God knows you – Psalm 139[xi]
[i] Citation (APA): Merton, T. (2015). Praying the Psalms [Kindle iOS version].
[iv] Page 25 · Location 161
[vi] Page 31 · Location 208
[vii] Page 32 · Location 224
[viii] Page 36 · Location 253
[ix] Page 39 · Location 277
[x] Page 41 · Location 287
[xi] Psalm 139New Living Translation (NLT)
1 O Lord, you have examined my heart
and know everything about me.
2 You know when I sit down or stand up.
You know my thoughts even when I’m far away.
3 You see me when I travel
and when I rest at home.
You know everything I do.
4 You know what I am going to say
even before I say it, Lord.
5 You go before me and follow me.
You place your hand of blessing on my head.
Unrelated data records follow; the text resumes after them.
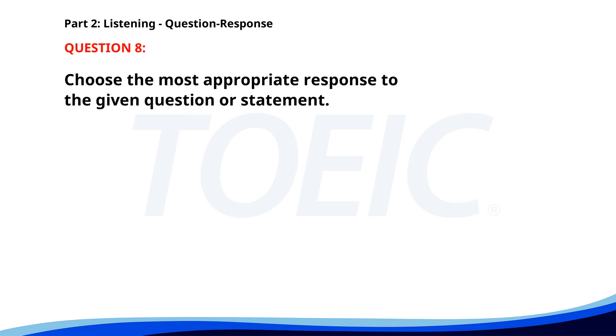Number eight: Who's in charge of the marketing department? A. I'm in the HR department. B. Ms. Robinson. C. Yes, they moved last year. The correct answer is B: Ms. Robinson.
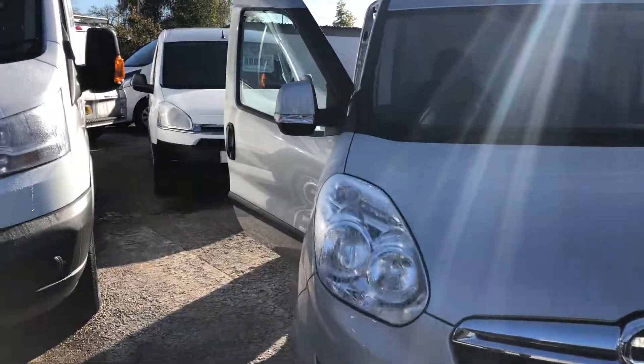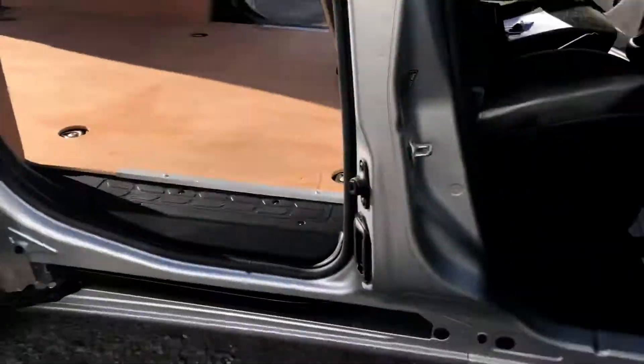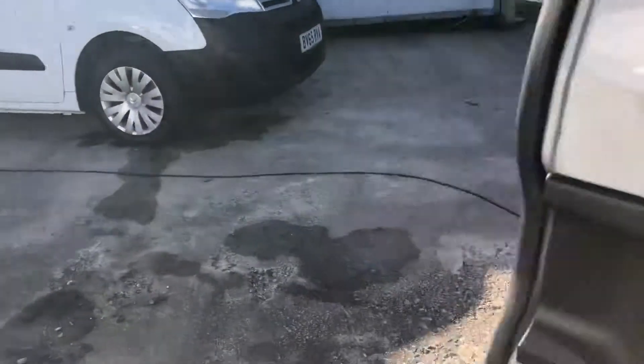Hi, it's Cheshire Vehicle Supplies and I've got a Vauxhall Combo Sportif van to show to you. It's a one owner vehicle and it comes with full service history. It's still under manufacturer's warranty.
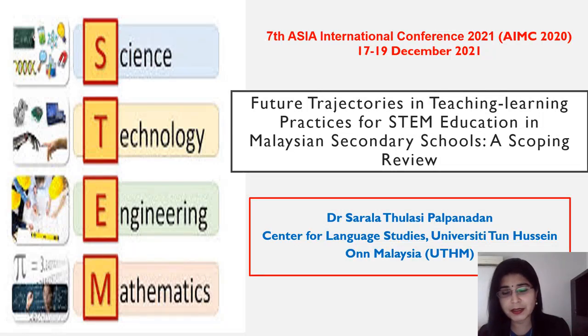Good day, everyone. This is Dr. Sara La from University Tun Husina, Malaysia. Today, I would like to share with you a topic regarding future trajectories in teaching learning practices for STEM education in Malaysian secondary schools: a scoping review.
6 Such knowledge is too wonderful for me,
too great for me to understand!
7 I can never escape from your Spirit!
I can never get away from your presence!
8 If I go up to heaven, you are there;
if I go down to the grave,[a] you are there.
9 If I ride the wings of the morning,
if I dwell by the farthest oceans,
10 even there your hand will guide me,
and your strength will support me.
11 I could ask the darkness to hide me
and the light around me to become night—
12 but even in darkness I cannot hide from you.
To you the night shines as bright as day.
Darkness and light are the same to you.
13 You made all the delicate, inner parts of my body
and knit me together in my mother’s womb.
14 Thank you for making me so wonderfully complex!
Your workmanship is marvelous—how well I know it.
15 You watched me as I was being formed in utter seclusion,
as I was woven together in the dark of the womb.
16 You saw me before I was born.
Every day of my life was recorded in your book.
Every moment was laid out
before a single day had passed.
17 How precious are your thoughts about me,[b] O God.
They cannot be numbered!
18 I can’t even count them;
they outnumber the grains of sand!
And when I wake up,
you are still with me!
19 O God, if only you would destroy the wicked!
Get out of my life, you murderers!
20 They blaspheme you;
your enemies misuse your name.
21 O Lord, shouldn’t I hate those who hate you?
Shouldn’t I despise those who oppose you?
22 Yes, I hate them with total hatred,
for your enemies are my enemies.
23 Search me, O God, and know my heart;
test me and know my anxious thoughts.
24 Point out anything in me that offends you,
and lead me along the path of everlasting life.
- 139:8 Hebrew to Sheol.
- 139:17 Or How precious to me are your thoughts.